Fans have complained about the lack of stars playing and missing out on crucial games, affecting fans’ desire to enjoy said games. The team that will be most affected by this new rule is none other than the Los Angeles Clippers. The Clippers have enjoyed load-managing both Paul George and Kawhi Leanord through the regular season since acquiring both in 2019.

Under this new rule, if the Clippers were to make up an injury to keep Leonard and George out, they would be subject to league investigation. They will also be forbidden to rest either star for national TV or in-season tournament games, just like the rest of the league. The penalty for resting stars will be $100,000 for the first offense, $250,000 for the second, and $1 million more than the previous penalty for each additional fine.


Under this new rule, the Chicago Bulls have three players who qualify: Nikola Vucevic, Zach LaVine, and DeMar DeRozan.

This means that no combination of two of these three players can be rested on the same night, and not a single one can rest for national TV games.

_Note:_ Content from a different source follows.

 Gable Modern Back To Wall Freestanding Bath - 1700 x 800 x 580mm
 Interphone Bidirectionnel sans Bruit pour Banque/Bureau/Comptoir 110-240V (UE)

Of course, if a legitimate injury is involved, another star can rest (e.g., If DeRozan is injured, LaVine or Vucevic will be permitted to rest, but not both).

However, there is one exception, and luckily for the Bulls, DeRozan qualifies for this exception. Teams can seek preapproved load management for stars 35 and older by opening night, who have played more than 34,000 minutes, and NBA players who have played a combined 1,000 career regular season and playoff games. Seven NBA players qualify: Steph Curry, Kevin Durant, Lebron James, Chris Paul, James Harden, Mike Conley, and DeMar DeRozan.

DeRozan qualifies for this exception since he has played in over 1,000 games in his career. Teams must seek preapproval from the NBA to rest these qualifying players.